Stored data:
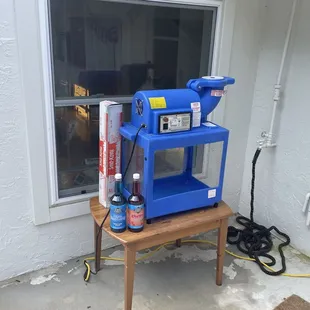 Snow cone machine came with 2 syrups (got to pick from 3) and cups. You provide your own ice.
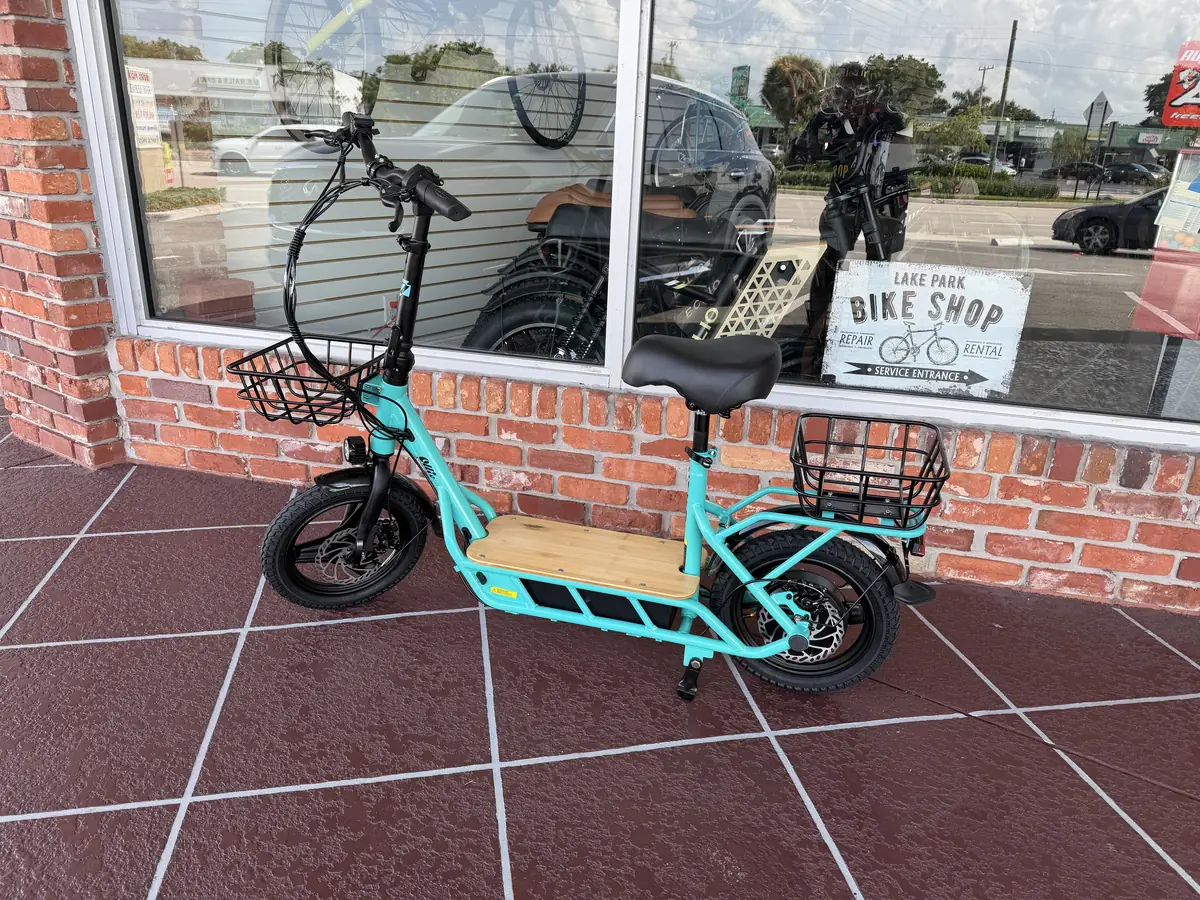 Seated electric scooter outside Lake Park Bicycles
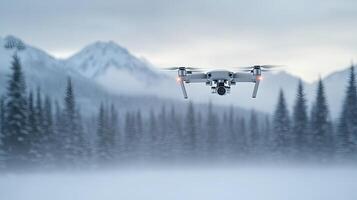 A drone flying over a snowy mountain range photo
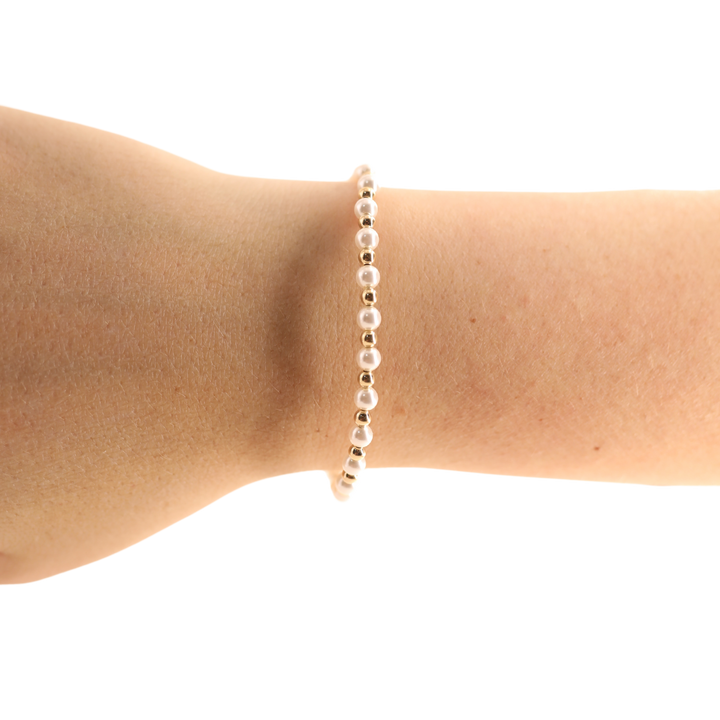 Beaded Blondes Luci Pearl Bracelet in gold and white pearl beads worn on wrist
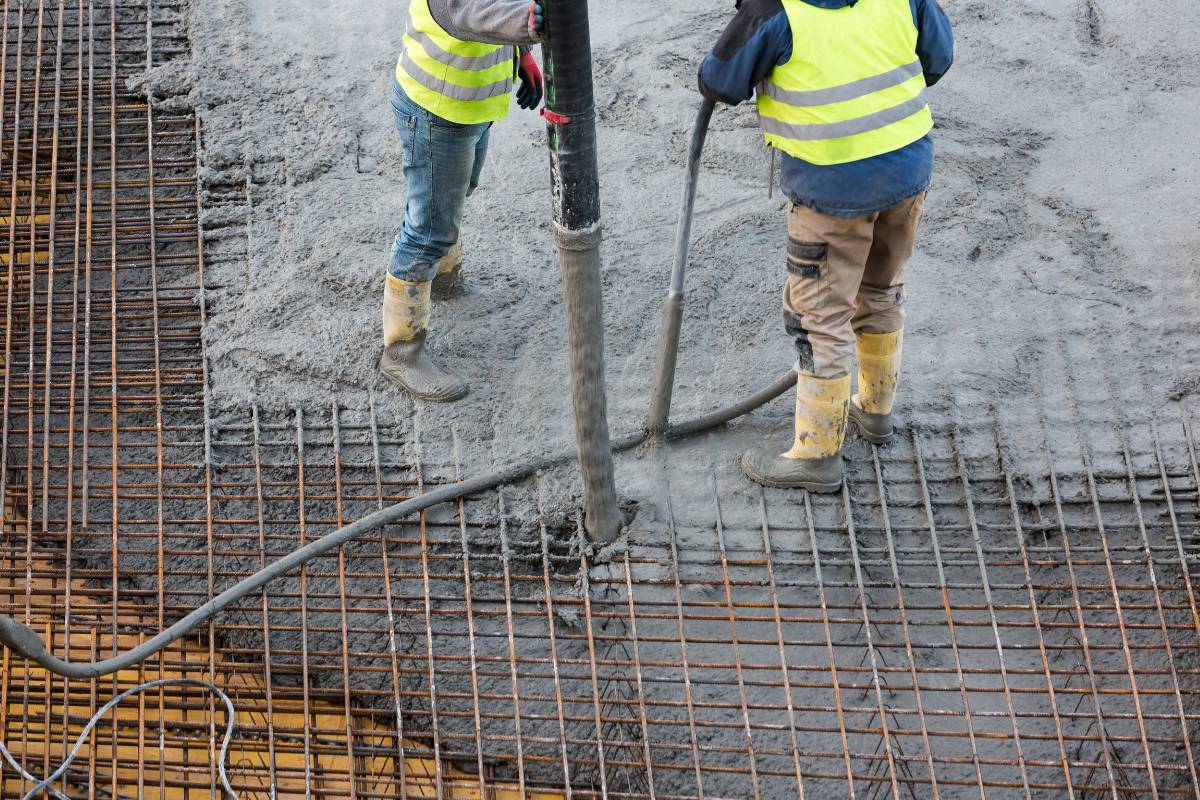 Two construction workers performing cold weather concreting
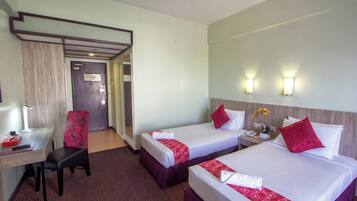 A hotel room with two beds, a desk, a chair, and a small table with a lamp.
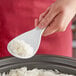 A person holding an Avantco 7" rice paddle spoonful of rice over a bowl of rice.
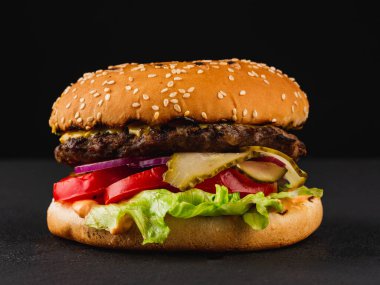 Siyah arka planda sığır etli ve peynirli hamburger. 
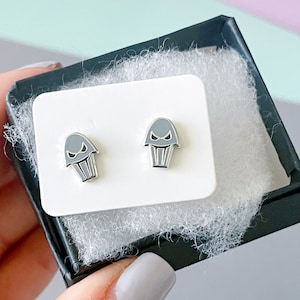 May include: A pair of silver stud earrings with a gray cupcake design. The cupcakes have a frowning face with two eyes and a mouth.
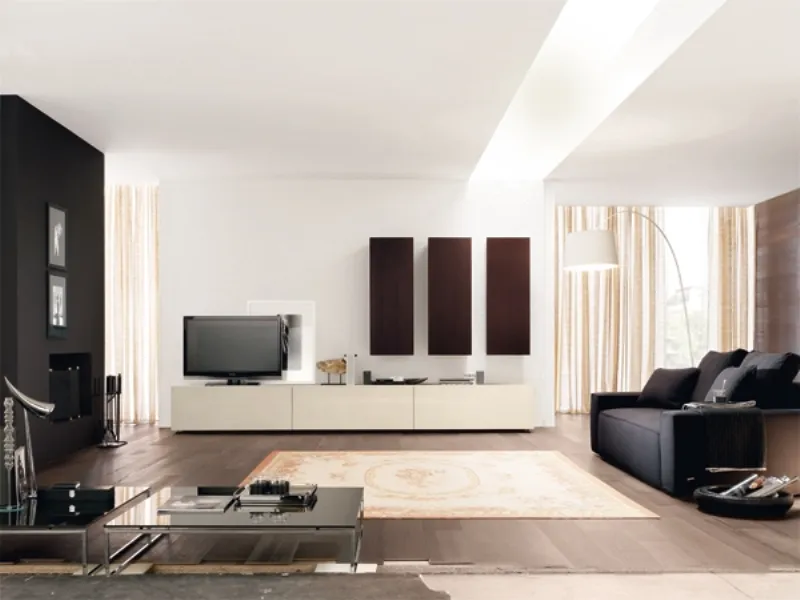 salotto con pavimento i parquet scuro, mobile tv panna, tre armadi rettangolari verticali neri, divano nero sulla destra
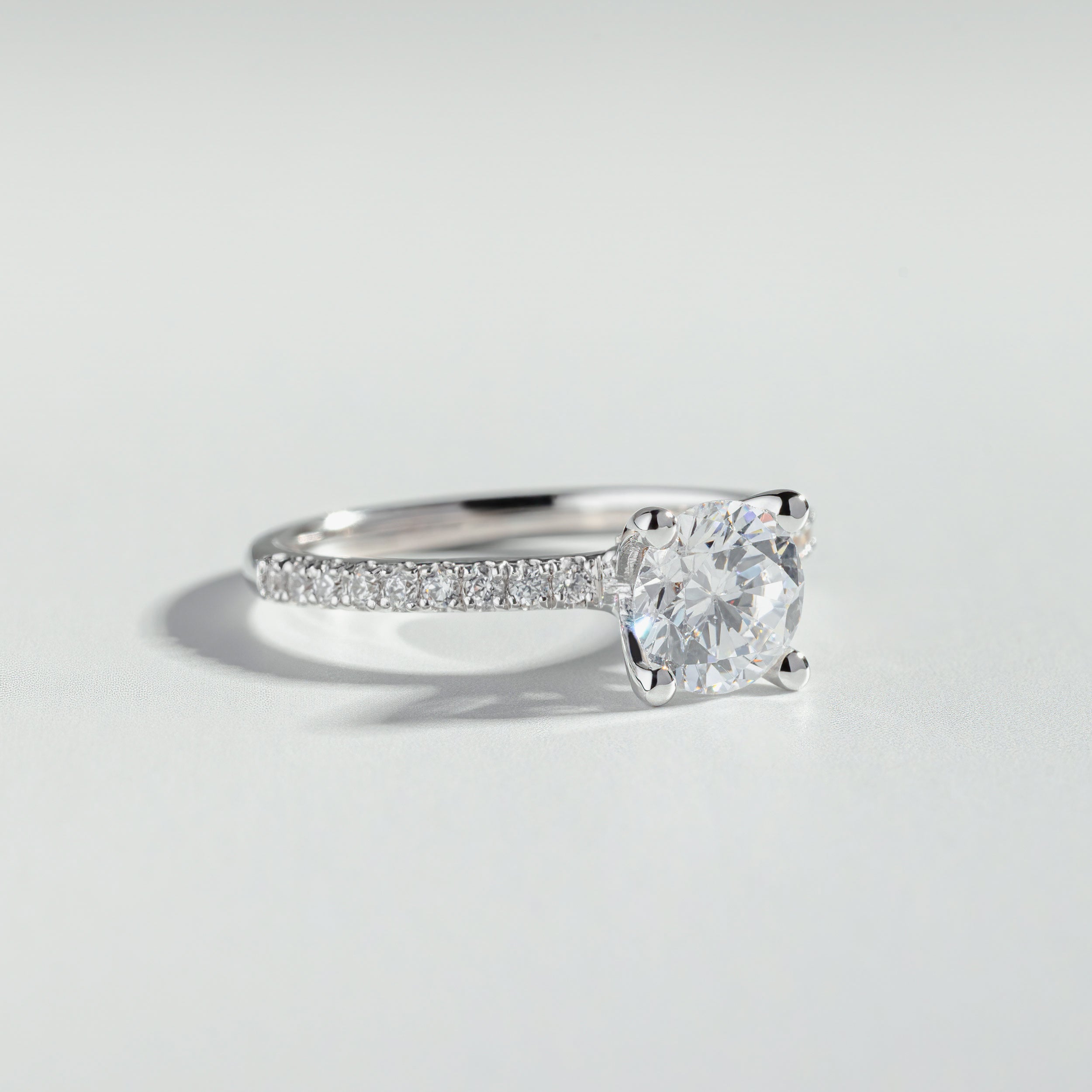 The Round Cut Diamond Solitaire and Pavé Ring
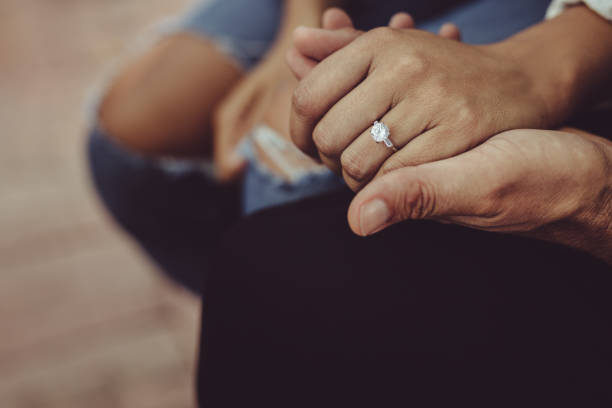istock Married couple sitting together holding hands 1204273999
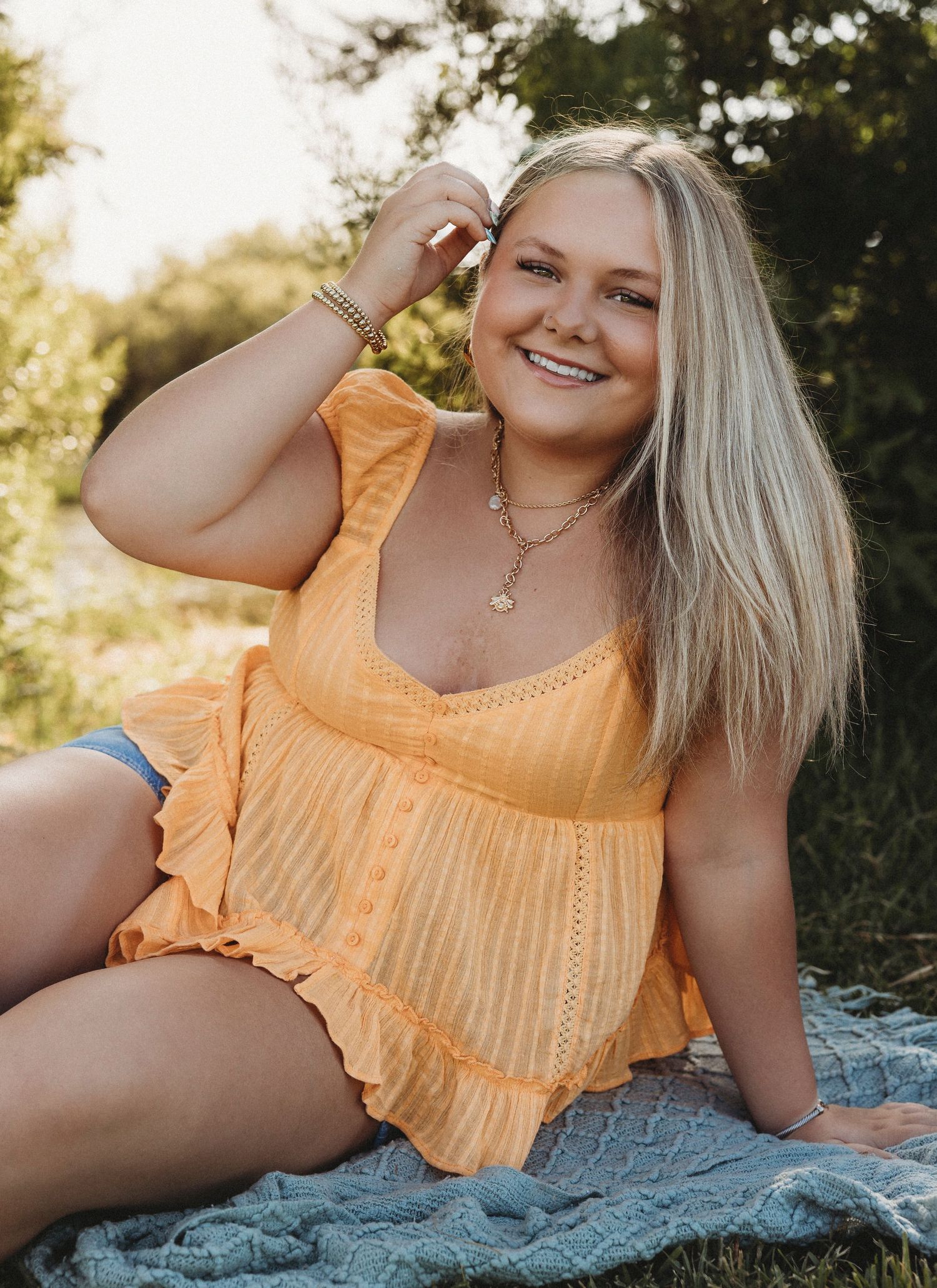 Outdoor senior photos of a Class of 2027 senior in a yellow top and cowboy boots during a golden hour senior portrait session in Abilene, Tx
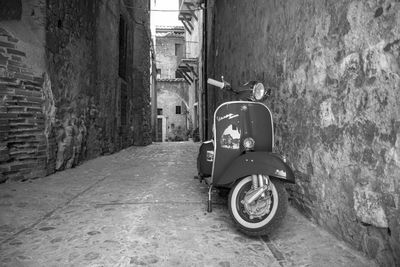 Motorcycle on street amidst buildings in city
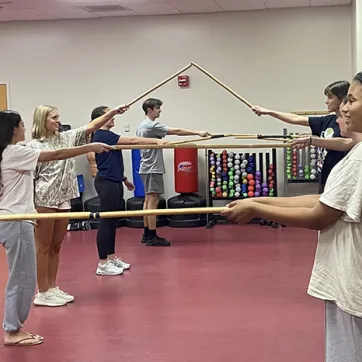 Students participating in the Stick Club at the John Geigle YMCA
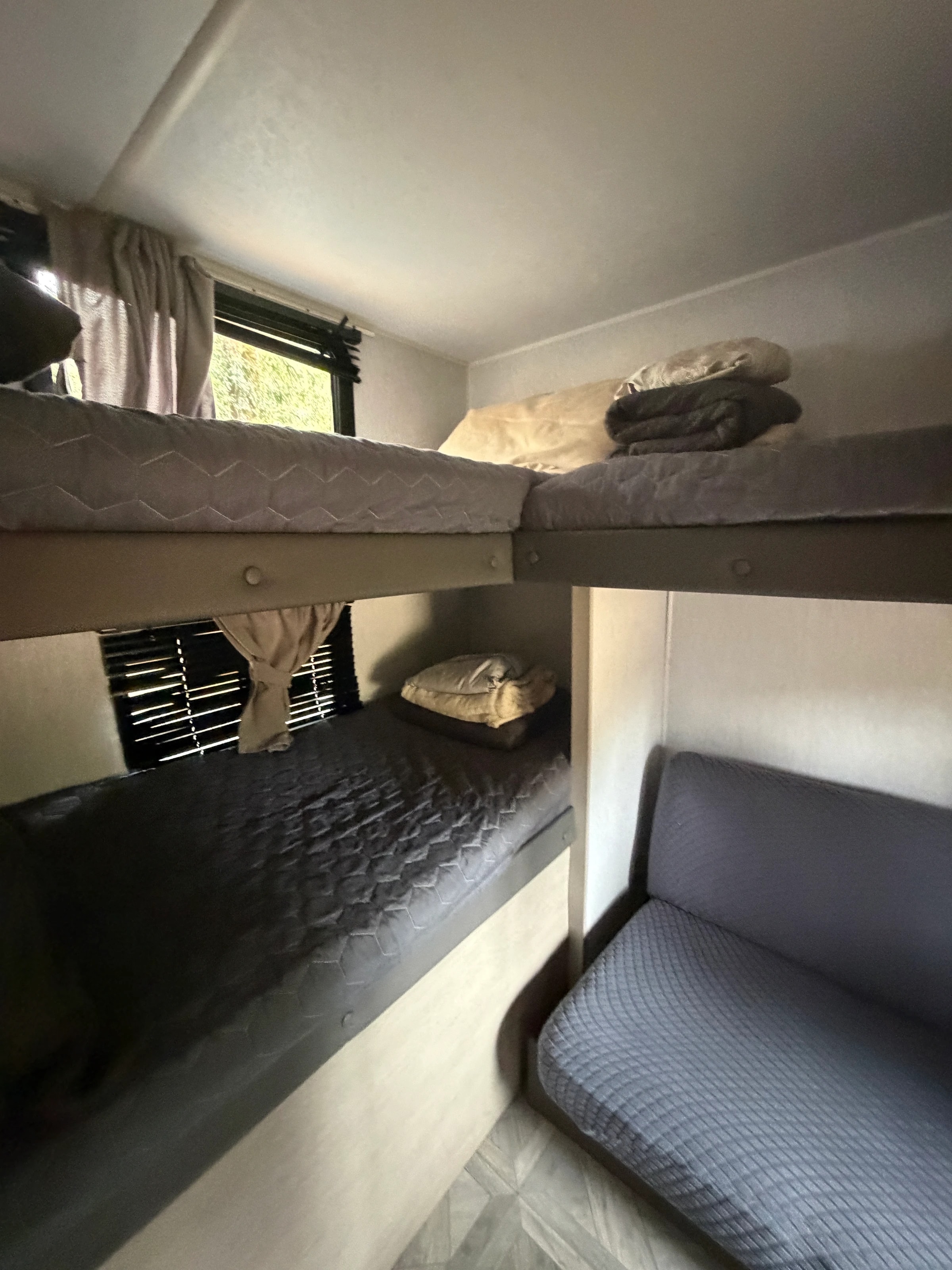 Close view of the bunk beds and surrounding cabinetry near the rear window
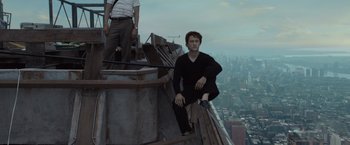 Movie still from “The Walk” (2015), directed by Robert Zemeckis – A man sitting on the side of a building on top of a building; Wide shot, High angle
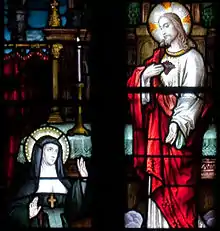 Stained glass at Tuam Cathedral, depicting Marguerite Marie Alacoque when she receives a revelation of the Sacred Heart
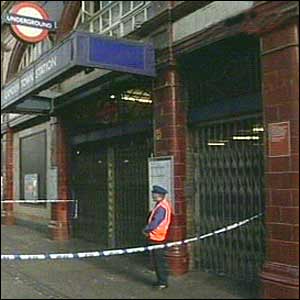 Member of staff outside the closed station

Exercise: Pictures aside, every entry above must be repeated exactly.

Problem solution:
 Snow cone machine came with 2 syrups (got to pick from 3) and cups. You provide your own ice.
 Seated electric scooter outside Lake Park Bicycles
 A drone flying over a snowy mountain range photo
 Beaded Blondes Luci Pearl Bracelet in gold and white pearl beads worn on wrist
 Two construction workers performing cold weather concreting
 A hotel room with two beds, a desk, a chair, and a small table with a lamp.
 A person holding an Avantco 7" rice paddle spoonful of rice over a bowl of rice.
 Siyah arka planda sığır etli ve peynirli hamburger. 
 May include: A pair of silver stud earrings with a gray cupcake design. The cupcakes have a frowning face with two eyes and a mouth.
 salotto con pavimento i parquet scuro, mobile tv panna, tre armadi rettangolari verticali neri, divano nero sulla destra
 The Round Cut Diamond Solitaire and Pavé Ring
istock Married couple sitting together holding hands 1204273999
 Outdoor senior photos of a Class of 2027 senior in a yellow top and cowboy boots during a golden hour senior portrait session in Abilene, Tx
 Motorcycle on street amidst buildings in city
 Students participating in the Stick Club at the John Geigle YMCA
 Close view of the bunk beds and surrounding cabinetry near the rear window
 Movie still from “The Walk” (2015), directed by Robert Zemeckis – A man sitting on the side of a building on top of a building; Wide shot, High angle
 Stained glass at Tuam Cathedral, depicting Marguerite Marie Alacoque when she receives a revelation of the Sacred Heart
 Member of staff outside the closed station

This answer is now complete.